Der angefochtene Bescheid wird hinsichtlich seines Ausspruches gemäß § 8 AsylG wegen Rechtswidrigkeit des Inhaltes aufgehoben. Im Übrigen wird die Beschwerde als unbegründet abgewiesen.

Der Bund hat dem Beschwerdeführer Aufwendungen in der Höhe von EUR 908,-- binnen zwei Wochen bei sonstiger Exekution zu ersetzen.

Begründung

Mit dem angefochtenen Bescheid hat die belangte Behörde die Berufung des Beschwerdeführers gegen die seinen Asylantrag abweisende Entscheidung des Bundesasylamtes "gem. §§ 7 AsylG" abgewiesen und gemäß § 8 AsylG festgestellt, dass die Zurückweisung, Zurückschiebung oder Abschiebung des Beschwerdeführers "in die BR Jugoslawien" zulässig sei.

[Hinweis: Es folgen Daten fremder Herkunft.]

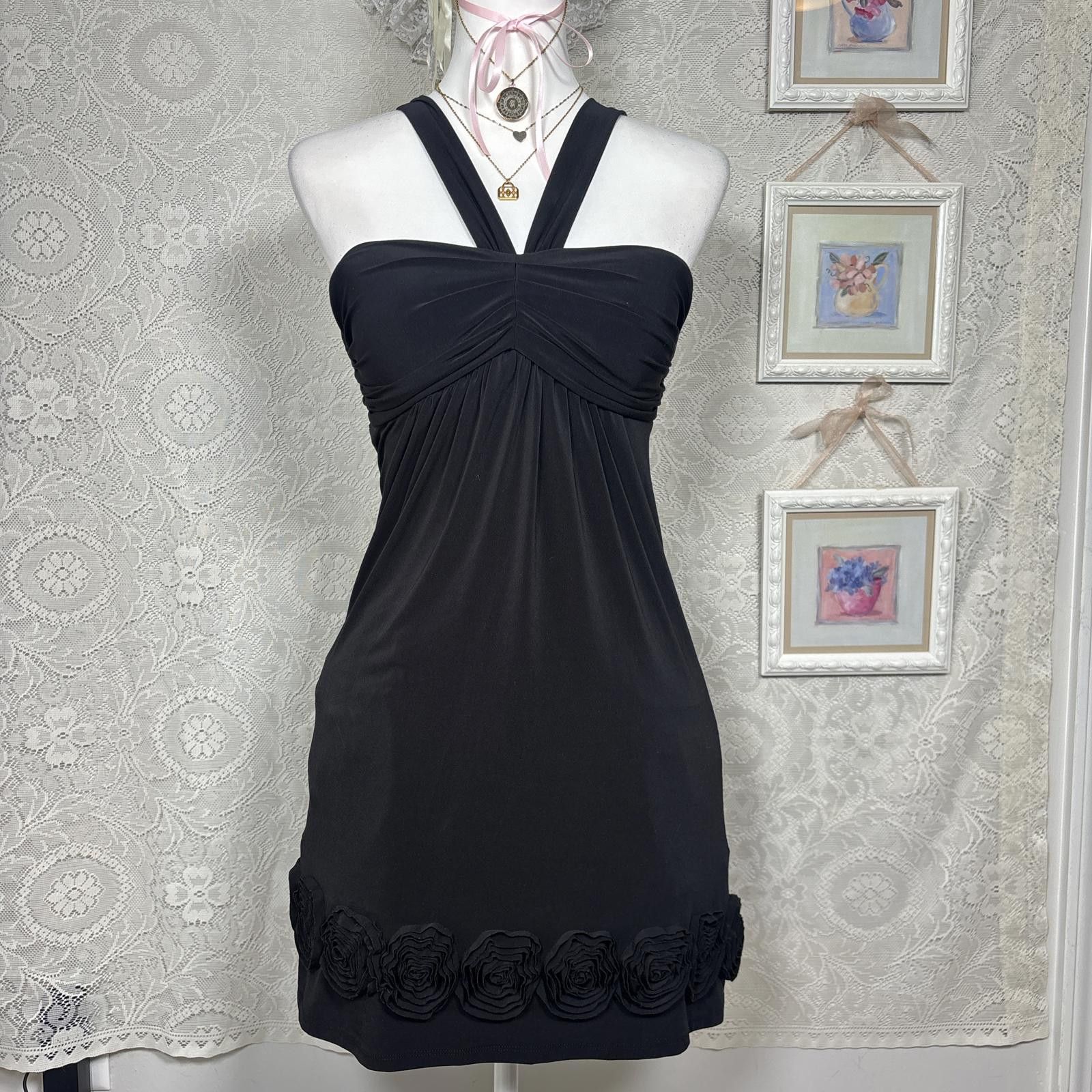 Other vintage black mini cocktail dress with floral trim detailing Size M / US 6-8 / IT 42-44 - 1 Thumbnail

Begründend hob die belangte Behörde im Zuge der Wiedergabe des Verwaltungsgeschehens hervor, dass dem Beschwerdeführer als Verfahrensgegenstand ua die Möglichkeit und Zumutbarkeit seiner Rückkehr bzw. seines Aufenthaltes "in der BR-Jugoslawien, und zwar in den Teilrepubliken Serbien und Montenegro" zur Kenntnis gebracht worden sei. Zur Person des Beschwerdeführers traf die belangte Behörde folgende Feststellungen:

"Der (Beschwerdeführer) gehört der Volksgruppe der Roma an, ist im Kosovo geboren und hat mit seiner Familie in der Stadt Pristina gelebt.

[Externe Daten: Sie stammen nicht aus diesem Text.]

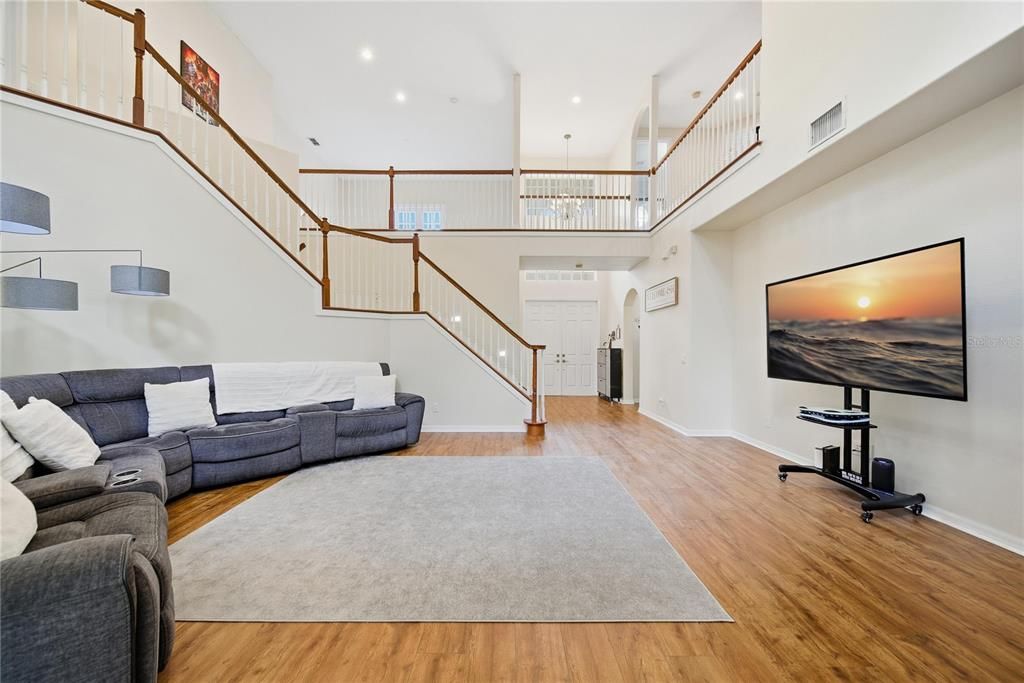 For Rent: $4,400 (6 beds, 4 baths, 4319 Square Feet)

Nach einem drei Jahre andauernden Schulbesuch hat der (Beschwerdeführer) bereits im jungen Lebensalter zu arbeiten beginnen müssen, da er aus einer sehr armen Familie stammt. In den Jahren bis zu seiner erzwungenen Ausreise aus dem Kosovo hat er in Pristina am dortigen Gemeindeamt gearbeitet, wobei er zuerst Autos gewaschen hat und später Autos (im Gemeindeamt) beaufsichtigt hat. Die Ehegattin des (Beschwerdeführers) war als Reinigungsfrau in Pristina tätig; beide waren öffentlich Bedienstete.

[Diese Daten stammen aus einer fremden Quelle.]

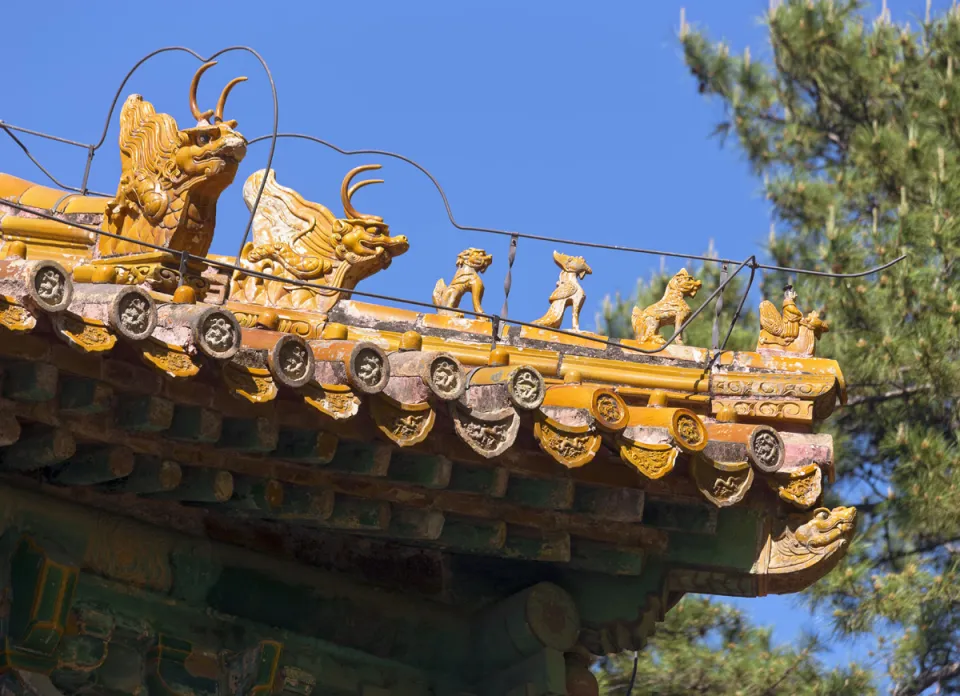 Ming Changling-Mausoleum, Halle des Segens und der Gnade (Ling'En-Halle), Dachgeister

Im Juni 1999 begannen nach der Rückkehr der zuvor vom serbischen Militär vertriebenen Kosovo-Albanern die Schwierigkeiten des (Beschwerdeführers) und seiner Familie, da die Minderheit der Roma von den zurückkehrenden Albanern im Kosovo unter starken Druck gesetzt wurde.

Der (Beschwerdeführer) wurde aufgefordert, hohe Geldbeträge zu zahlen und entschloss sich auf Grund der allgemein schlimmen Situation für Roma im Kosovo, diese Provinz zu verlassen. In weiterer Folge reiste der (Beschwerdeführer) mit seiner Familie, genauer mit seiner Ehegattin und seinem Sohn Hetem nach Serbien in die Hauptstadt Belgrad.

Dort lebte der (Beschwerdeführer) ca. drei Monate lang im Haus seines Schwagers, in welchem sich auch seine Schwiegermutter eingefunden hatte. Der (Beschwerdeführer) wurde in Belgrad mit Lebensmitteln versorgt (und zwar vom Roten Kreuz), die Ehegattin des (Beschwerdeführers) beantragte beim zuständigen Amt in Belgrad die Ausstellung eines neuen Reisepasses, welcher ihr auch ausgestellt wurde. Der (Beschwerdeführer) selbst und seine Ehegattin sind nach der Ankunft in Belgrad auf das zuständige Amt gegangen, wo ihnen als öffentlich Bedienstete auch Unterstützungsgelder ausgezahlt wurden. Irgendwelche asylrelevanten Vorkommnisse in Belgrad bzw. in Serbien sind dem (Beschwerdeführer) nicht widerfahren. Zirka nach drei Monaten entschloss sich der (Beschwerdeführer) zu seinen in Deutschland lebenden Brüdern zu reisen, da er 'ein neues Leben beginnen wollte'.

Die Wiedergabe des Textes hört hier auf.